Per vederlo a filari, dovete passeggiare – a cavallo fra primavera estate ed autunno – a Piazza Castelnuovo o a Mondello o in via Isonzo o nei pressi di piazza Indipendenza, oppure potete divertirvi – come me – a individuarne esemplari solitari in giro per la città, spesso dentro giardini privati. Vi assicuro che ne trovereste in luoghi impensati e vi confesso che una mia pazza idea è crearne una mappa delle presenze! Anzi, se vi va segnalatemi esemplari a voi noti.
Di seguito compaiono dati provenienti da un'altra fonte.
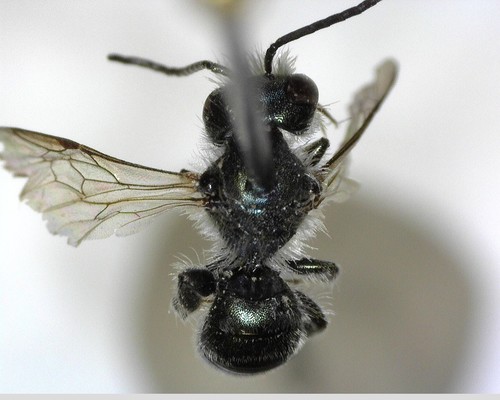 iNaturalist observation photo of Mason Bees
Un esemplare speciale sta all’interno del recentemente rinnovato palazzo Butera: la sua chioma indaco si scorge attraverso le Mura delle Cattive. Potrete anche ammirare una sua antica radice attraverso un pavimento in plexiglass, in un’illuminata opera di esposizione protetta da parte dei restauratori del Palazzo.

 

Quest’autunno, su consiglio di un amico, ho raccolto in via Isonzo tantissimi semi di Jacaranda, che stanno dentro dei baccelli simili ad UFO… anzi, ora che ci penso, simili all’astronave di Goldrake prima che si trasformi in Robot. Chissà se, in fondo, una pianta così bella non sia stata proprio un regalo dalle stelle. Io proverò a piantarne i semi, in primavera, nel vaso accanto alla mia Pomelia (sì, ne ho una: che palermitana sarei, altrimenti?) e spero che venga fuori qualcosa: amerei l’accostamento tra il rosa della mia Pomelia e il blu-viola della mia personale Jacaranda annunciante la bella stagione!

Bellezza candida

Gelsomino, stella dal cuore d'oro ©Ljus av Balarm
Gelsomino, stella dal cuore d'oro ©Ljus av Balarm

Non potrei finire di scrivere del rapporto fra Palermo e i fiori senza dedicare parole alle bellezze candide: gelsomino e zagara; qualcuno potrebbe mettere in dubbio la mia palermitanità! Assieme al pitosforo, crescono ovunque a Palermo e costituiscono il trio profumato dell’estate. Il gelsomino portatore di atmosfere persiane, la zagara ambasciatrice di effluvi arabi, il pitosforo dagli echi neozelandesi: un cocktail di ebbrezze per occhi, naso e spirito, che fluisce per le strade palermitane soprattutto quando il pomeriggio si fa sera, tra primavera ed autunno, nella dolcezza vespertina.

 

Accomunati dal colore, gelsomino e zagara condividono anche la straordinaria consistenza della fioritura, che sembra permanere intatta da un giorno all’altro. Un rituale che nella mia famiglia – e in chissà quante altre in città – si tramanda tra generazioni è cogliere dei fiori di gelsomino accarezzati dall’umido di prima sera e deporli in piattini di ceramica da tenere sul comodino vicino il letto, poiché si sa che la sua essenza e il suo profumo non suscitano soltanto uno stato di benessere spirituale, ma anche… beh, di predisposizione ad una sana sessualità!

 

Per celebrare il proprio amore per la Zagara in fiore, invece, Palermo organizza due volte all’anno (in autunno e in primavera) un’esposizione-mercato nella cornice dello splendido quanto imperdibile Orto Botanico, in cui i visitatori rischiano di perdere il senso del tempo vagando fra centinaia di esemplari di zagare, ma anche di pomelie, di rose, gelsomini, orchidee, piante grasse ed altre meraviglie botaniche. Il tutto passeggiando tra i viali inimitabili di un Orto universitario che esiste da ben due secoli e che rimane fedele all’idea di una natura incontaminata e poco umanizzata. Il mio consiglio è di non perdervi la prossima edizione della mostra, quella primaverile, per respirare a pieni polmoni l’essenza di quanto vi ho appena raccontato. Credetemi, non ve ne pentirete.

 

(*) per inciso, pochi sanno che il testo di questa canzone – cantata nel 1974 da Sergio Endrigo – fu scritto nientemeno che dal favoloso Gianni Rodari! Altro che “canzoncina”.